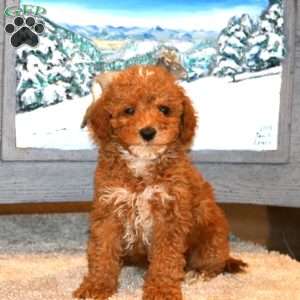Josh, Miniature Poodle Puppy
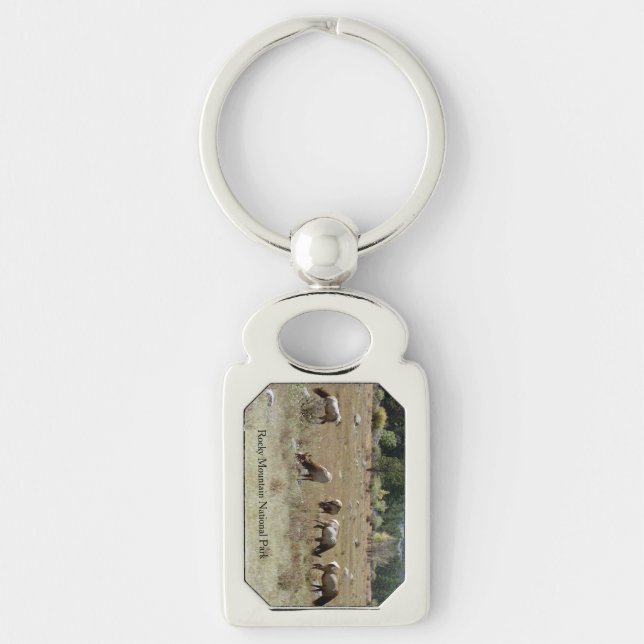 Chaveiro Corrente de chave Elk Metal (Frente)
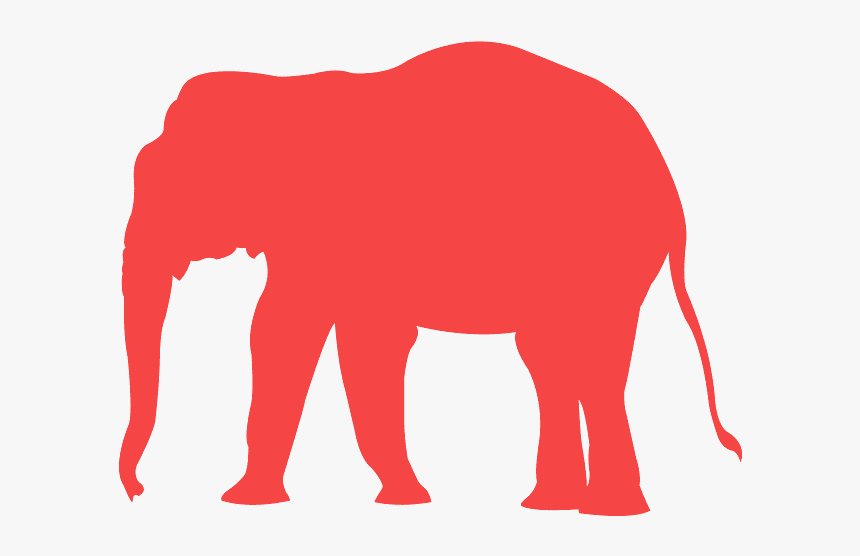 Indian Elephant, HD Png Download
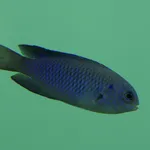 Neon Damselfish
---
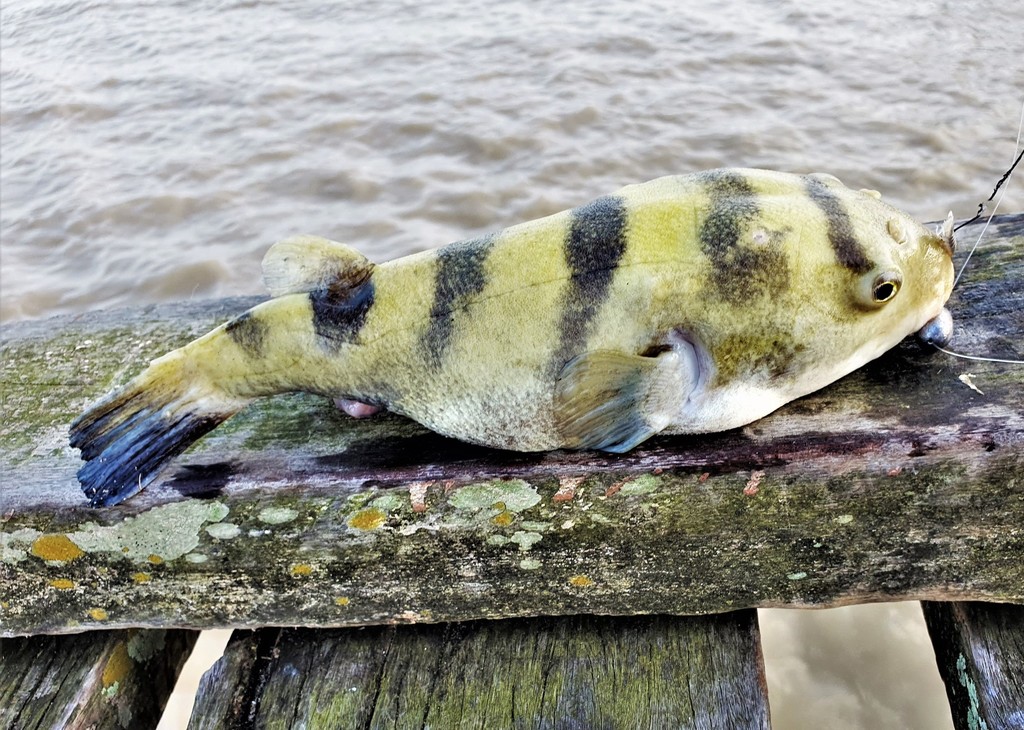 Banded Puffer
---
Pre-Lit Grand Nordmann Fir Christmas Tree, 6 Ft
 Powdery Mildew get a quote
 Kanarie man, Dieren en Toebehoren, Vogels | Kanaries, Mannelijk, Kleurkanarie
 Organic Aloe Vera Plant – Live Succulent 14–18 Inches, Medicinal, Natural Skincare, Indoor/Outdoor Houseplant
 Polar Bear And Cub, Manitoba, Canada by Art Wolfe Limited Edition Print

**PROBLEM DESCRIPTION:**
The required output is the stretch of entries above from the line containing "Powdery Mildew get a quote" through the line containing "Polar Bear And", reproduced exactly.

**FINAL ANSWER:**
 Powdery Mildew get a quote
 Kanarie man, Dieren en Toebehoren, Vogels | Kanaries, Mannelijk, Kleurkanarie
 Organic Aloe Vera Plant – Live Succulent 14–18 Inches, Medicinal, Natural Skincare, Indoor/Outdoor Houseplant
 Polar Bear And Cub, Manitoba, Canada by Art Wolfe Limited Edition Print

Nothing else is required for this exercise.